An ultra-modern collective made up of twentysomethings of different ethnic backgrounds and sexual orientations, Brockhampton combine catchy pop hooks with the more out-there aspects of hip-hop and skater culture, alongside a Generation Z-style propensity for truth-telling and vulnerability. And on their latest, throwaway goofiness and hard-hitting commentary run alongside real emotional power. The result is an oversaturated barrage of an album that sounds like what living in 2021 feels like: multifaceted, troubled, hopeful.

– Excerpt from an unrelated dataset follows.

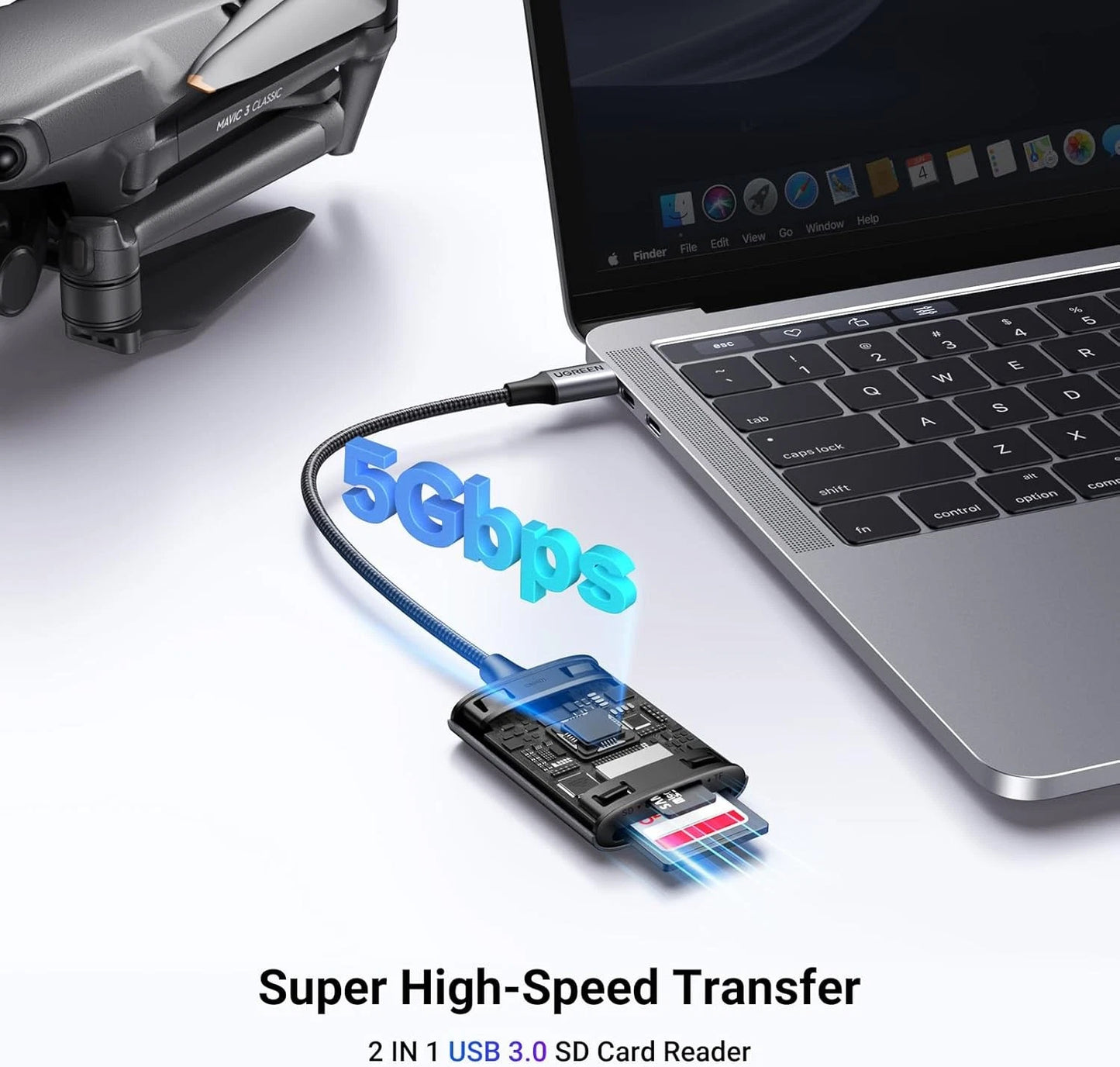 Lecteur de carte USB-C UGREEN CM401, SD - microSD, Gris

Brockhampton have forgone the usual boy band process of being puppets of a shady svengali to build a colourful world of their own. Count On Me features a caustic rap from the New York hip-hop giant A$AP Rocky, but also an empathetic chorus on brotherly love from the bland Canadian heart-throb Shawn Mendes. Buzzcut is a riot of siren samples and thudding bass lines, with Abstract celebrating the band’s achievements even as he accepts the limitations of their power by rapping: “A platinum record’s not going to keep my black ass out of jail.” A brutal rap about racial violence called Don’t Shoot Up the Party is followed by a stirring, heartfelt gospel called Dear Lord. And so it goes on, one contradiction piling up after another.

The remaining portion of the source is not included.